Obama understood very well the hard wired perspectives of a warrior — trained at Anapolis — who has lived much of his life in a military environment.
Obama’s approach allows him to know that the lack of aggressiveness is not weakness at all. It shows quiet strength to create the conditions necessary for the birth of peace, and the necessary atmosphere to foster the birth of a cooperative atmosphere.
McCain is ignorant of the fact that the threat of the use of power only wins (sometimes) in games of war. Obama knows how McCain thinks, and he knows that peace is best won by lots of quiet listening, by restating positions followed by question marks, and by seeking common ground where both sides can meet in quiet agreement.
McCain’s training and experience, which are great, does not appear to allow him to see things through Obama’s eyes, so he crows about his superior experience and seeks to put down and overwhelm his opponent.
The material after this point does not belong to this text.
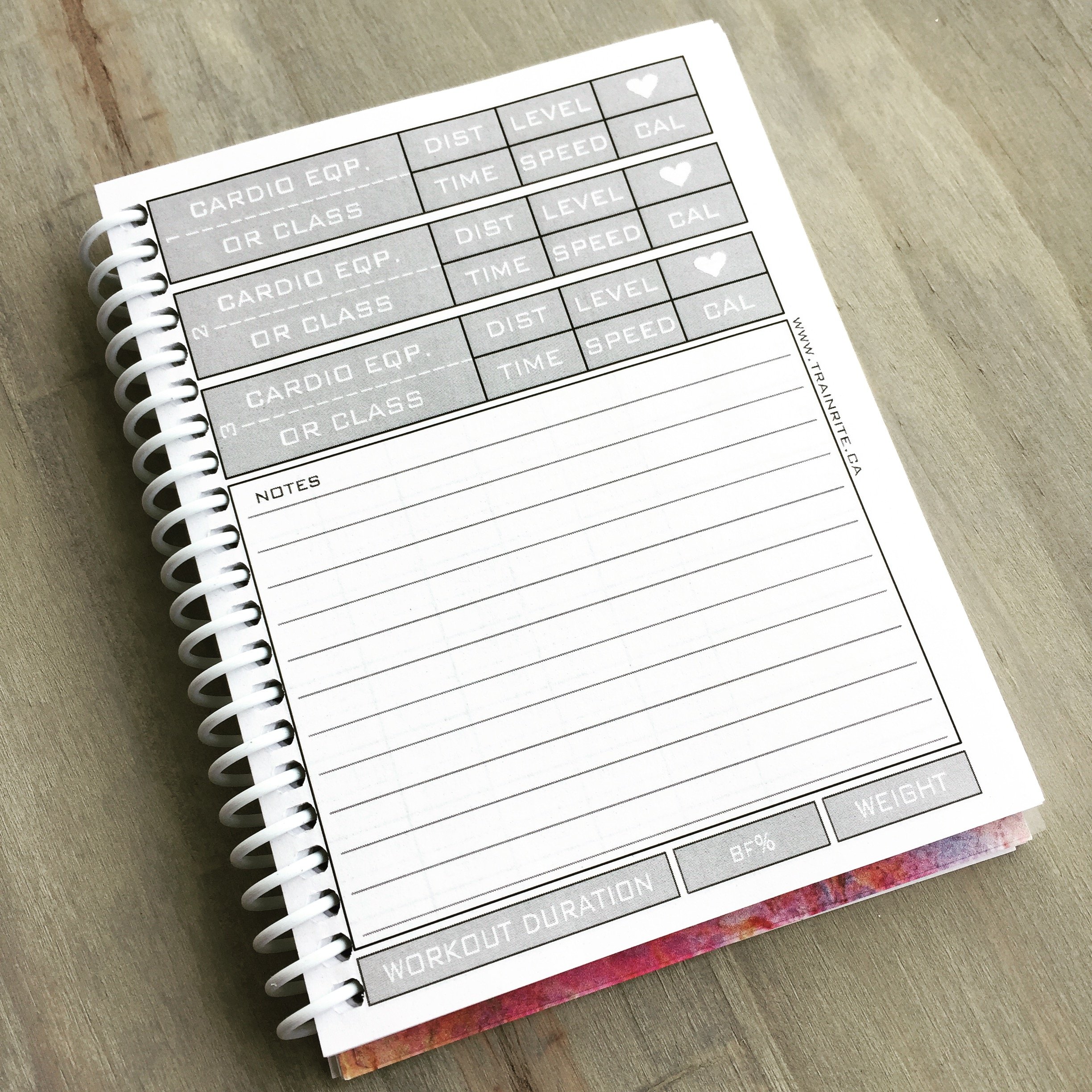 Trainrite Compact Fitness Journal Get Shit Done Matt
This, of course, shows that it is McCain who does not understand, while Obama’s grin shows that he knows what is going on. Debating doesn’t easily allow for changes in format and process.
If you heard a recent Channel 9 evaluation of Obama’s way of problem-solving, you might see that this man is a superior kind of adversary. Obama seeks to reduce threats when dealing with an opponent, and operates with the quiet goal of turning an adversary into a cooperative partner in the solving of problems.
Obama understands McCain’s way, which is why he is able to turn things around to a better way that can lead more often to teamwork.
Of course, too many observers are blind to such subtleties, and are convinced from a lifetime of “experience” that to win requires a bigger hammer, which throws light on the reasons we have such a hard time changing patterns of behavior that don’t often work.